Intended for healthcare professionals

Information In Practice

Evaluation of readability and accuracy of information leaflets in general practice for patients with asthma

BMJ 1998; 317 doi: (Published 25 July 1998) Cite this as: BMJ 1998;317:264
  1. Helen Smith, directora,
  2. Susan Gooding, research and development nursea,
  3. Richard Brown, general practitionerb,
  4. Anthony Frew, senior lecturerc
  1. aWessex Primary Care Research Network, Primary Medical Care, University of Southampton, Southampton SO16 5ST
  2. bWilton Health Centre, Wilton SP2 0HT
  3. cUniversity Medicine, Southampton General Hospital, Southampton SO16 6YD

    Printed education materials are often used to augment healthcare professionals' verbal information to patients. Asthma is one of the commonest chronic diseases managed in general practice, and many leaflets have been produced on its diagnosis, prognosis, management, and treatment, but these have been subjected to little critical review.

    Subjects, methods, and results

    We evaluated the readability and accuracy of patient information leaflets available in general practice for asthmatic patients. We invited 70 general practices from the Wessex Research Network to send one copy of each of the leaflets they had on asthma: 168 different leaflets were received from 49 practices. We reviewed the leaflets for readability using the simple measure of gobbledegook (SMOG) formula, which estimates the level of education required to understand the text.1 AF reviewed the leaflets for congruency with current British Thoracic Society guidelines2> and accuracy in other areas.

    The reading grade for these publications ranged from 5 to 12 (mode 8, mean 8.66 (SD 1.79)) (table), and 39 (23%) contained inaccuracies.

    Readability of patient information leaflets about asthma

    View this table:

    The British Thoracic Society guidelines were not applicable to 78 of the leaflets. Of the rest, 58 were fully congruent, 21 were >90% accurate, and 11 were inaccurate. Six inaccurate leaflets were produced by charities, the other five by drug companies. Seven of these leaflets contained therapeutic advice that was out of date. One recent publication ignored the effects of chronic exposure to cats. Another denied the presence of inflammation in mild disease. Three of the inaccurate leaflets had no publication date, and all but one of the rest were at least six years old; several practices sent a leaflet 13 years old.

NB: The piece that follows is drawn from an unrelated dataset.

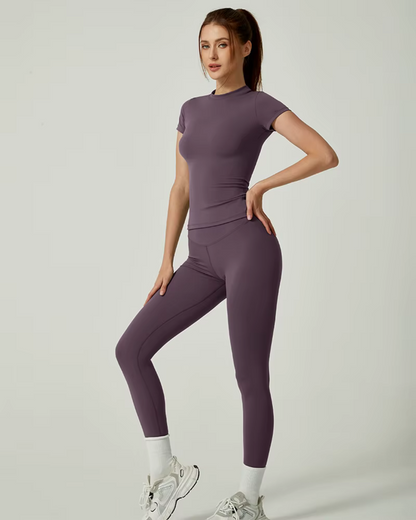 Conjunto de leggings y camiseta sin costuras para mujer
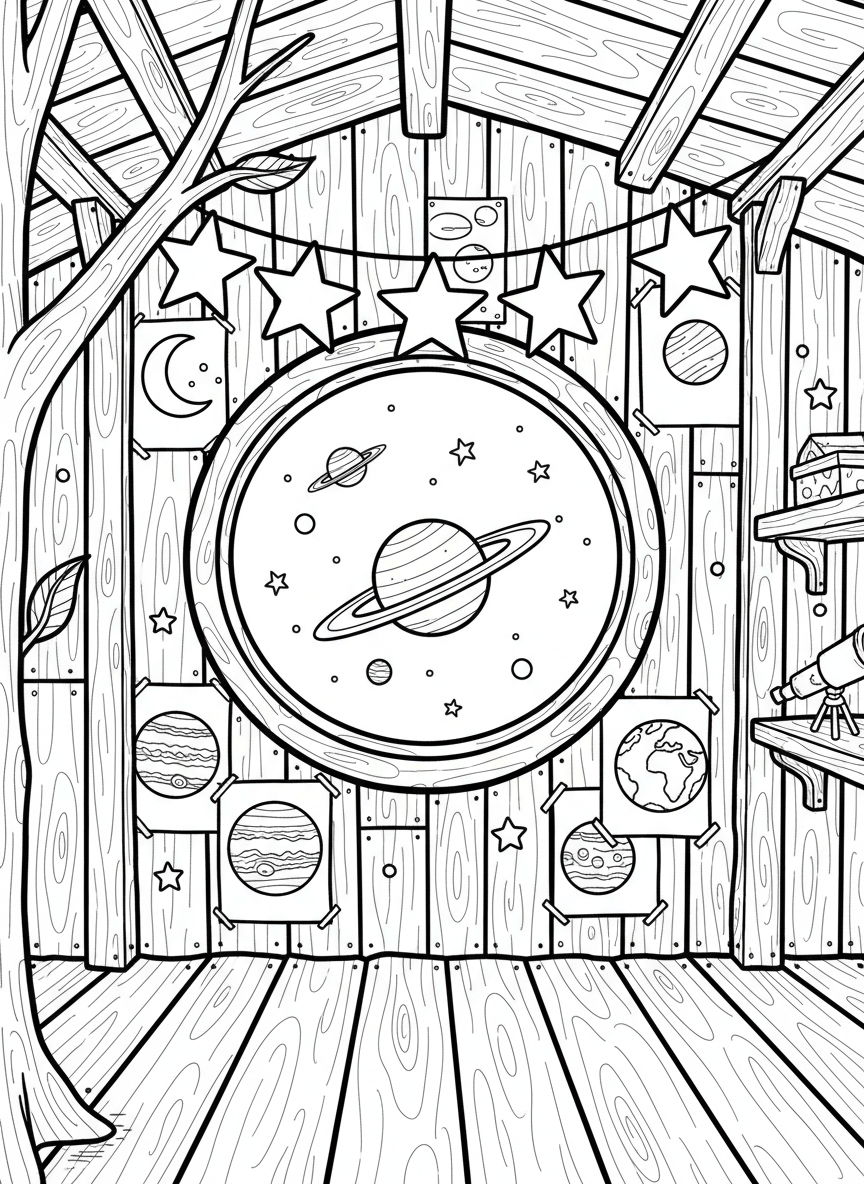 A rustic treehouse with a porthole window framing a view of Saturn and its rings, with star stickers and planet posters decorating the walls.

    Thirty four leaflets (20%) contained inaccurate or misleading statements about areas outside the society guidelines. These included unreasonable advice on the need to see a doctor, exaggerating the role of cola drinks as a trigger, inexact advice on avoiding house dust mite allergens, incorrect information on the efficacy of desensitising injections, wrong contact addresses and telephone numbers, and misinformation about obtaining a peak flow meter and not acknowledging the wide range of devices available.


    Five and a half million people in Britain have reading difficulties,3 and considerably more (22% of the working population) have a low level of literacy.4 Text with SMOG scores under 5 will be understood by most people (information from Basic Skills Agency, 1992), and it is recommended that health literature should be written at a SMOG score <=5.5 To attain high levels of reader comprehension would require revision of 97% of the leaflets we reviewed. Rather than attempting wholesale revision, it is more realistic to match readers with existing materials and to strive for low readability scores in replacement leaflets.

    Readability formulae have limitations; ideally, testing with patients should also be done as reading is a complex process and ability to comprehend a text is influenced by presentation (organisation, print, illustrations), situation (stress), and reader characteristics (motivation, maturity). Formulae based on word length disregard patients' familiarity with the vocabulary associated with their illness, thereby overestimating the difficulty of the text.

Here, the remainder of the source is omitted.